The cold chain market has been segmented, by type, into refrigerated storage and refrigerated transport. Refrigerated storage capacities are growing in Asia Pacific countries due to the increased need to reduce wastage of perishable foods. In the last few years, the market for refrigerated storage has drastically grown, with a shift from food products stored in cold storage warehouses to the provision of value-added services to customers.

By temperature type, the frozen segment is projected to dominate the market during the forecast period.

A cold chain for chilled and frozen foods provides uninterrupted handling of the products within a low-temperature environment during each stage of the value chain—including harvest, collection, packing, processing, storage, transport, and marketing—until it reaches the final consumer. By temperature type, the frozen segment is estimated to have a comparatively larger market share in 2018. The chilled segment is expected to grow due to a large-scale chilling of food products for their preservation and to extend their shelf lives from few days to few weeks.

By application, the dairy & frozen desserts segment is projected to dominate the market during the forecast period.

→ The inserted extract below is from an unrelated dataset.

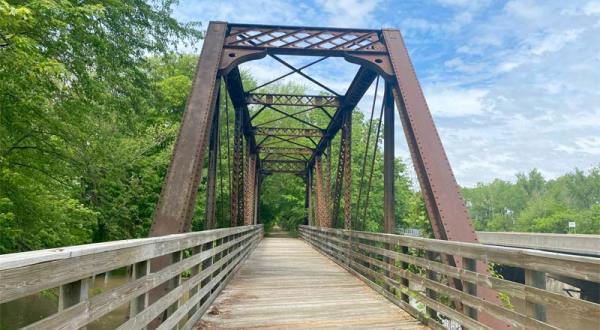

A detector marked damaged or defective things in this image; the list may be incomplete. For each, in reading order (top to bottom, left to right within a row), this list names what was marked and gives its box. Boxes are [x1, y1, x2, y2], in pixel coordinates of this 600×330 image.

rusty steel beam [150, 21, 227, 237]
rusty steel beam [223, 23, 386, 56]
rusted metal surface [197, 238, 422, 328]
rusty steel beam [384, 27, 506, 328]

The cold chain market has been segmented, on the basis of application, into fruits & vegetables; bakery & confectionery products; dairy & frozen desserts; fish, meat, and seafood products; and others. Dairy & frozen desserts are witnessing high demand due to economic growth, rapid urbanization, and the use of sophisticated marketing channels, which have led to significant changes in dietary patterns. Frozen fruits & vegetables are often available in easy-to-open re-sealable packaging, which allows longer storage and portion control without wastage.

Cold Chain Market

The increasing demand for cold chain services in the European and Asia Pacific regions is driving the growth of the market.

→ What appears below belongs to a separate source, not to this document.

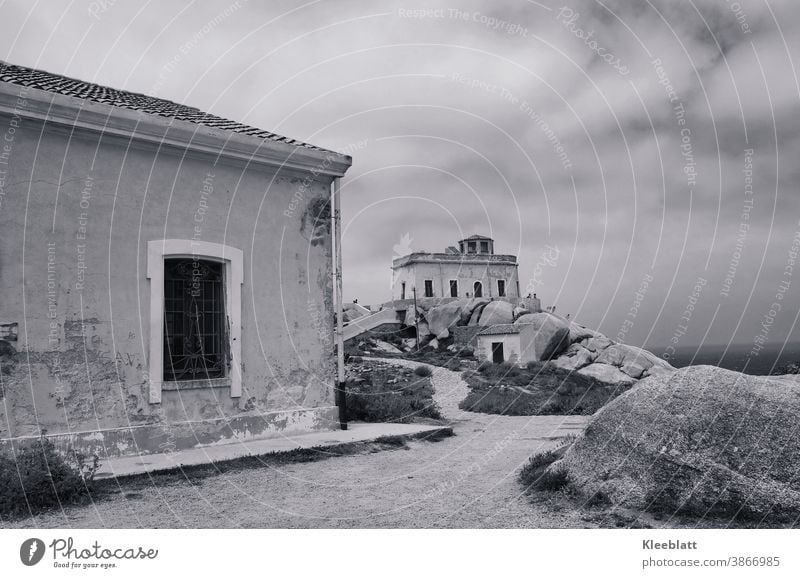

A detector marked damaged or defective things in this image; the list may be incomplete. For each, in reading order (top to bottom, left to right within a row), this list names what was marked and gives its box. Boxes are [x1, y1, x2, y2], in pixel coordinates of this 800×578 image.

peeling plaster wall [0, 118, 338, 450]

The European region is estimated to account for the largest share, in terms of value, in the global market, in 2018. There is a steady increase in demand, particularly for cold chain due to a continuous increase in domestic consumption of high-quality perishable commodities. Asia Pacific shows significant growth potential for the cold chain industry due to the increase in awareness about the prevention of food wastage before consumption, growth of the organized retail sector, rise in consumer demand for perishable foods, and government support & initiatives in this sector. The region is projected to surpass the size of the European market by 2023.

Key Market Players

The leading players that dominated the cold chain market include Americold Logistics (US), Preferred Freezer Services (US), Burris Logistics (US), Lineage Logistics (US), and Nichirei Logistics (Japan).

The key players have been exploring the market in new regions by adopting mergers & acquisitions, expansions, investments, new service launches, agreements, collaborations, and joint ventures as their preferred strategies. These players have been exploring new geographies through expansions and acquisitions across the globe to avail a competitive advantage through combined synergies.